Curtsies and the digital equivalent of a fruit basket (what would that be, I wonder) to Rueful Red for sending me this:

The Guardian – Adapt, don’t destroy: Leeds is the template to revive our scarred cities: The philosopher Jane Jacobs was a fierce critic of urban planners, convinced they create toys for totalitarians. By Simon Jenkins

I love this line:

Such modernist utopians were treating cities as toys for totalitarians.

Ahhh.

So, Jane Jacobs:

The Radiant City Beautiful conferred unprecedented power on the elites of the new welfare state, notably architects, developers and planners. They had money and a professional interest in new building. Governments could spend billions eradicating slums without noticing that they had been built for free and could be restored for free. Leave the city alone, cried Jacobs, or at least understand which bits worked and why. She accepted that neighbourhoods would gentrify, and un-gentrify, over time, and was relaxed about cars. They were an extension of home and work. Their excessive use in cities was because planners had destroyed mixed-use neighbourhoods and increased the need to travel (even more relevant in the internet age than when Jacobs wrote). Too much traffic was a sign of bad planning. …

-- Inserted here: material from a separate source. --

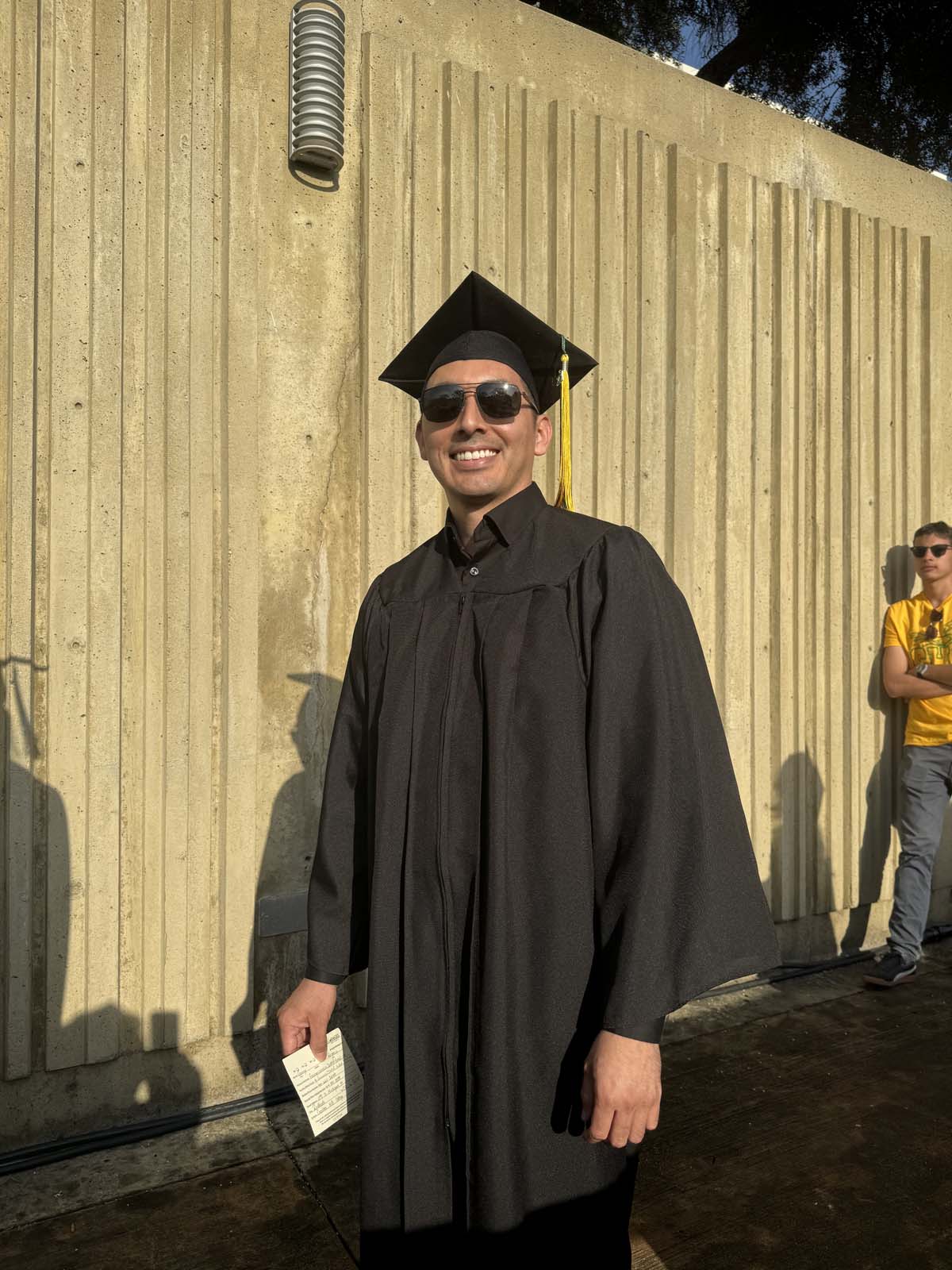 Graduates walk to stage at CHC's Commencement 2024.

On this simple insight Jacobs built her edifice. The classic Georgian grid of streets had never been bettered as an urban form. It offers ease of movement, wheeled or on foot, and embraces mixtures of activity, day and night, rich and poor, “sacred and profane”. Let the local property market oversee its fluctuating fortunes. Destroy the street and ghettos form, social institutions collapse, areas “fail” and fall prey to architectural blitzkrieg. Large modern buildings, said Jacobs, were like chessmen. They move across the urban landscape either killing or being killed. Formal zones make the city rigid. They force residents to travel more than they need, imposing either congestion or blight and leaving vacuums for that urban curse, crime.

! (ninme sputters in agreement) (Or, as Simon says):

I cannot read her The Death and Life of Great American Cities without constantly slamming it shut, hurling it to the floor and shouting, “Yes!”

I don’t think Peter would appreciate if I did that with the G5. Oh, but Central Leeds sounds like utopia. What I would give for American cities to have character.